Do what you love, so the adage goes, and you’ll never work a day in your life. It’s a nice sentiment, but whoever coined it was either independently wealthy or OK with living in a hollow log.
We love music, right? But turning it into a profitable career means putting a dollar sign on your talent and trading it for money. That’s called work.
If you’ve paid your dues and the starving artist thing isn’t working for you anymore, you’re ready to monetize your talent. Read on for things financially successful musicians do to go beyond just making ends meet.
- Run the Numbers
That’s the only way to figure out how much you think your talent is worth. Download a free budget app and plug in how much you spend each month and what you spend it on. Start with the necessities: Housing, groceries, transportation, everything that pertains to your music, savings, bills, and so on.
Now you know with reasonable certainty how much money you’ll have to bring in each month. Working from that, you can figure out how many paid performances you need each month and how much to charge for each. Those numbers can be juggled, of course. If your monthly budget is $2,000, say, you can do one show for $2,000, two for $1,000 each … you get it. A realistic assessment of earnings and expenses will help relieve the stress that may arise from pursuing a creative career path such as music.
What do you know about a career in music, other than it’s what you want. However, making something you love into your living can change the nature and enjoyment of it—especially in the creative arts. Talk to career performers and ask them about music as a day-to-day job. What are the pros and cons? How do you figure out how much your talent is worth? There’s more to the career of performing than just performing, which takes us to the next point.
- Plan B
You may decide that your passion is best served when done for pleasure, not profit. Getting on stage is the fun part. The travel, the bookkeeping, marketing, negotiating, that’s a grind that somebody has to do, and that “somebody” is you. For a lot of us, that reality is not the life we want to choose, but it takes time to figure that out. That’s why a Plan B is essential. The good news is that within the world of music, there are options to the rigors of performing as a career.
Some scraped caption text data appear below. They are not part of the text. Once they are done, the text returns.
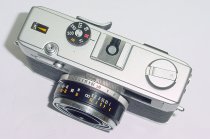 OLYMPUS 35 RC Rangefinder 35mm Film Camera with 42mm F/2.8 E.Zuiko Lens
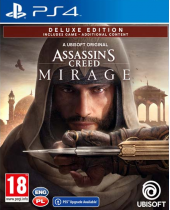 Assassins Creed - Mirage (Deluxe Edition) (PS4)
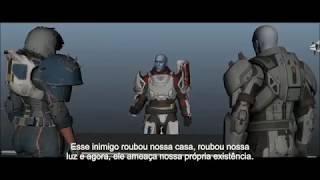 Destiny 2 - Trailer vazado da SDCC Legendado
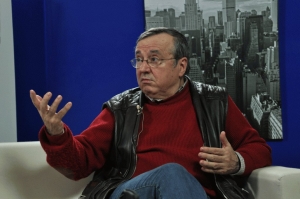 Ion Cristoiu (Sursa foto: Twitter)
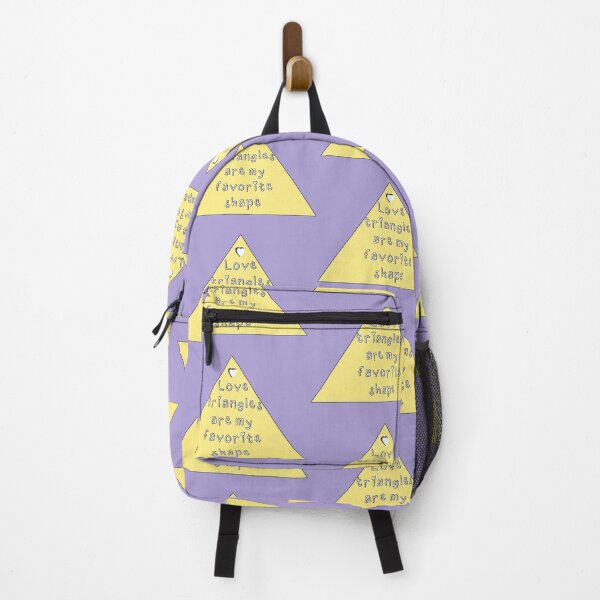 Item preview, Love Triangles Are My Favorite Shape designed and sold by co-stars.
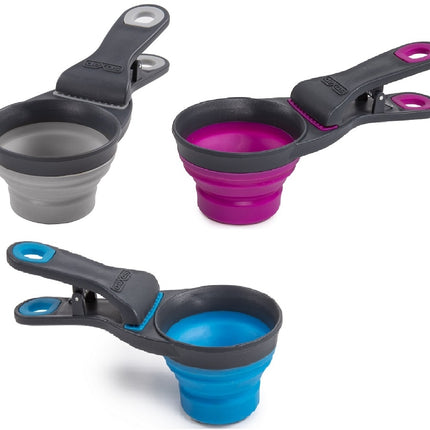 Dexas Collapsible KlipScoop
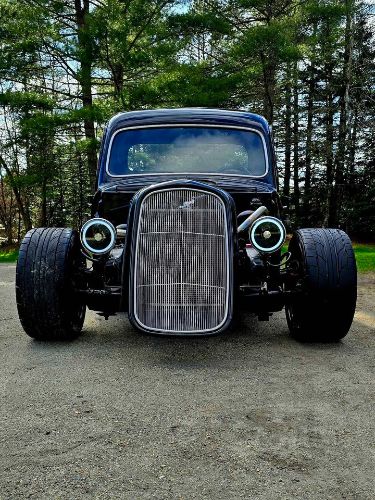 Ford-F-100-1951-Black-Black-18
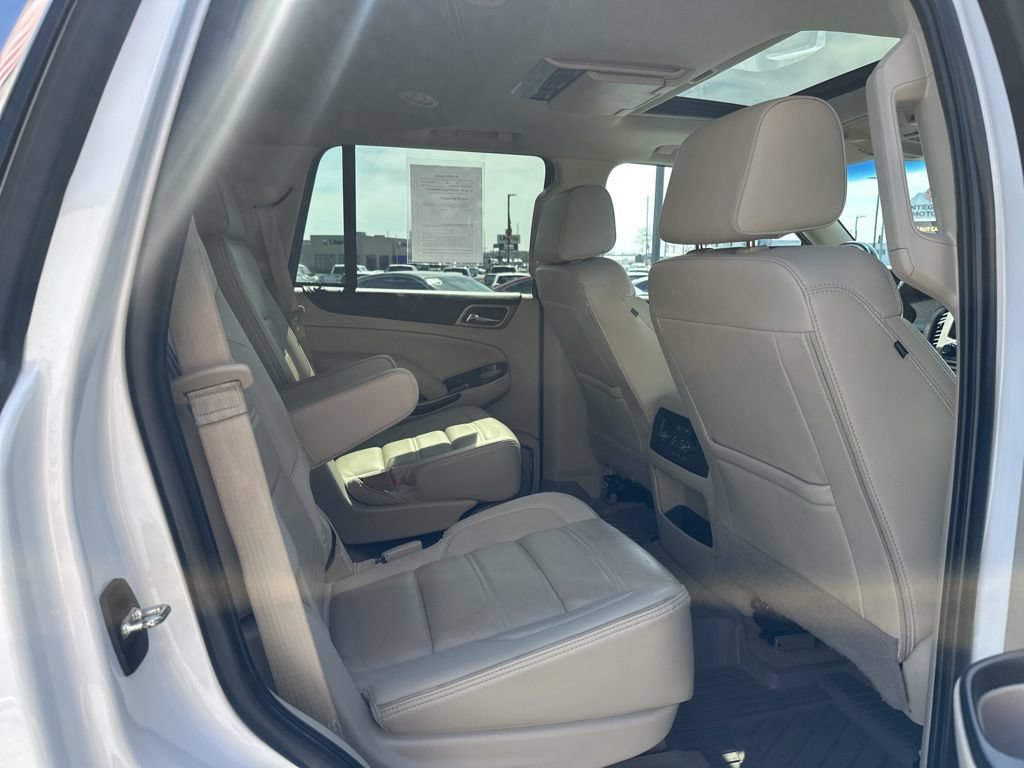 Used 2020 GMC Yukon Denali w/ Denali Ultimate Package AWD/4WD image 28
There are accomplished pianists who are also mortgage brokers, flutists who are accountants, and singers who are HVAC repair technicians. Sometimes, making a living at something else provides the freedom to perform when, where, how, and how often you want.
- Profit Channels
Performing live, especially touring, can take the stuffing out of you.
There’s nothing quite like the thrill of performing live to a receptive audience, but it’s physically and mentally demanding. Ideally, you don’t want to be in a position where you’re only making money when performing.
The internet and social media have opened up all kinds of opportunities to make money and sell your music. Assuming you’re abiding by copyright laws, you could sell your music on your own website, online music stores, music download sites, streaming platforms, or via an online distributor. Remember, though, music doesn’t sell itself. You will want to develop and invest in a marketing plan and there will often be fees associated with your sales efforts. But it takes money to make money, and the costs can be offset by the benefit of new revenue streams.
- Play to the Audience
Your audience isn’t just the people watching and listening to you. The first person you have to thrill is the person who does the hiring. When projecting your message, think clarity, not volume. Talk to people, socialize, share what you do. As a performer, you won’t always know where your next gig is coming from. It may be the person you strike up a conversation with at the dry cleaners, or your brother’s best friend’s aunt’s cousin at the birthday party for your niece. Be aware of what’s going around you and how you’re moving through it. Fact is, for career musicians, everything is a performance.
- Pay It Forward
Don’t panic if things are a little wobbly at first. It’s part of the learning curve. But you will come across people who will help you on your way up. Booking agents will take chances on new talent. Stage managers give better slots to people they like, so be likeable! Maybe you caught a big break when your cousin hired you for her wedding and an industry bigwig was on her side of the aisle. Those are people you need to remember. Keep in touch with them by mail, text, or a cup of coffee now and then. Good relationships are worth keeping. What goes around comes around is an axiom that perpetuates good will and brings joy to the giver and recipient alike.
- Take Care of Yourself
As a performer, you are your business. If you ran a store, you’d fix a leaky roof. Better yet, you’d maintain that roof, so it never leaked to begin with. Do the same for yourself. Eat well, get plenty of rest, exercise, read good books, watch fun movies, hike with friends, drink tea by the beach … The healthier and happier the business, the better it will do and the longer it will function successfully.
There are easier careers than music but none more fulfilling. Do your due diligence and if it still appeals to you with all of the potential ups and downs, then make your career the performance of a lifetime.